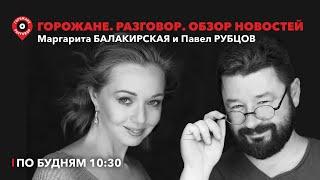 Горожане.Разговор / День рождения Екб,  Лолита, отказ от разводов ради детей, Ильтяков и «рожалка»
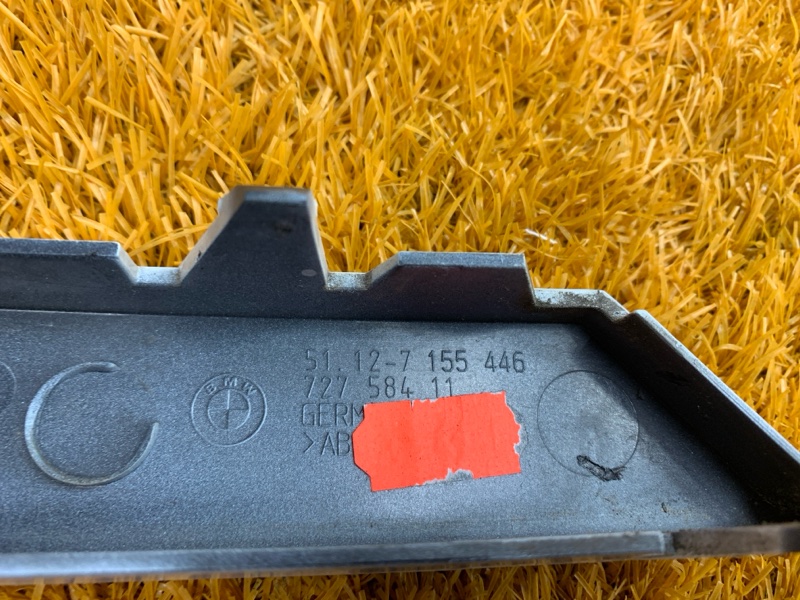 планка под стоп-сигнал, 500 рублей, Красноярск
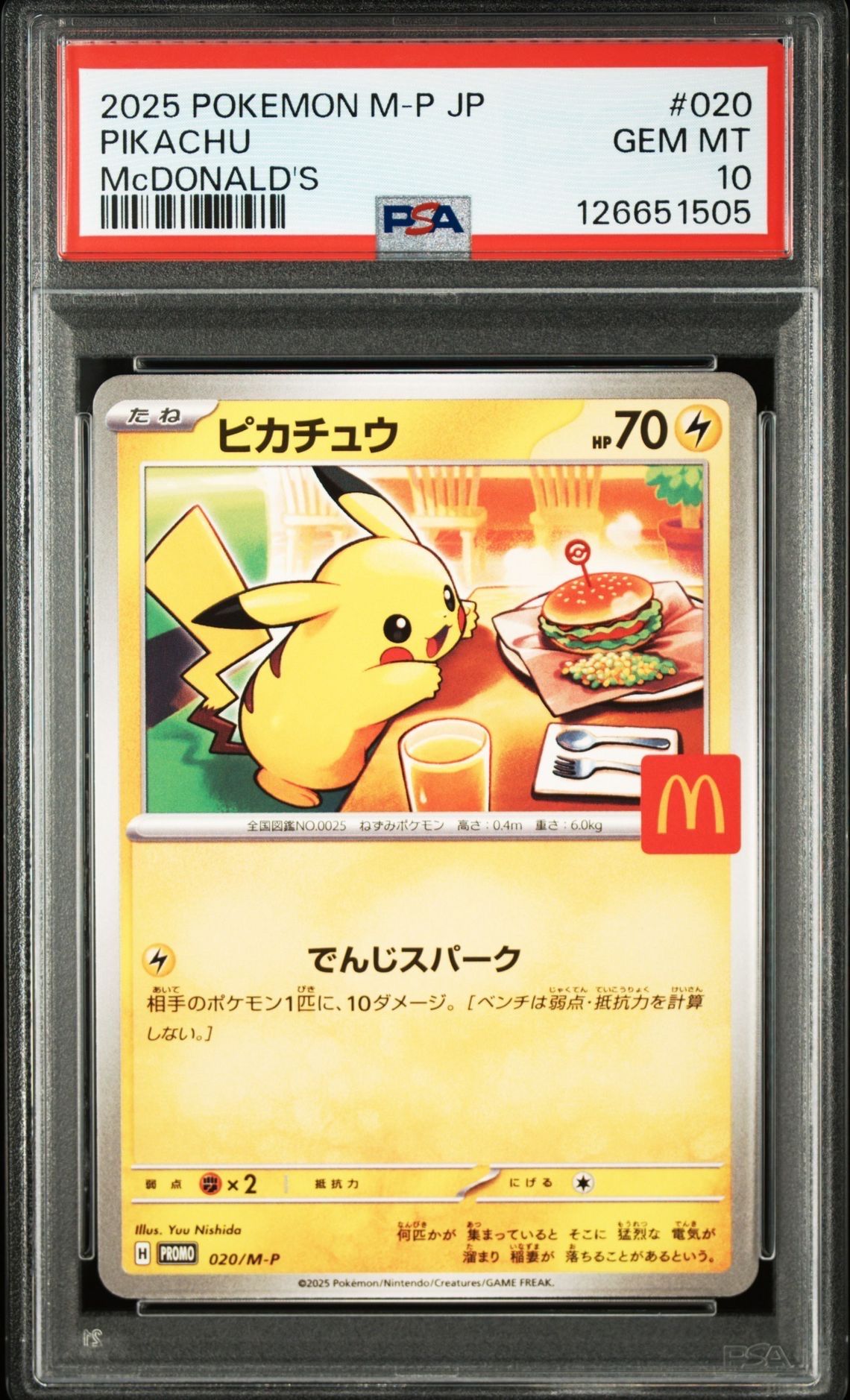 ピカチュウ P [M-P 020](プロモカードパック「マクドナルド ハッピーセット2025」)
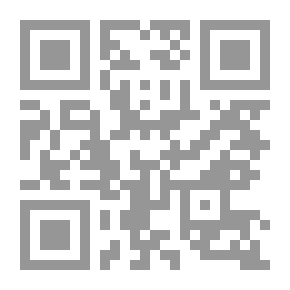 Qr Code Prophet Ishmael - Peace Be Upon Him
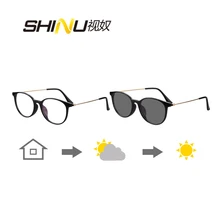 UV400 Blue Ray блокирование компьютер читатель Photochromice очки для чтения противоусталостные дальнозоркость очки TR90 дальнозоркости очки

━━━━

Please set down, word for word, the lines starting at the line that holds "Qr Code Prophet Ishmael - Peace Be Upon Him" and running to the end of the listing, with no pictures.

 Qr Code Prophet Ishmael - Peace Be Upon Him
 UV400 Blue Ray блокирование компьютер читатель Photochromice очки для чтения противоусталостные дальнозоркость очки TR90 дальнозоркости очки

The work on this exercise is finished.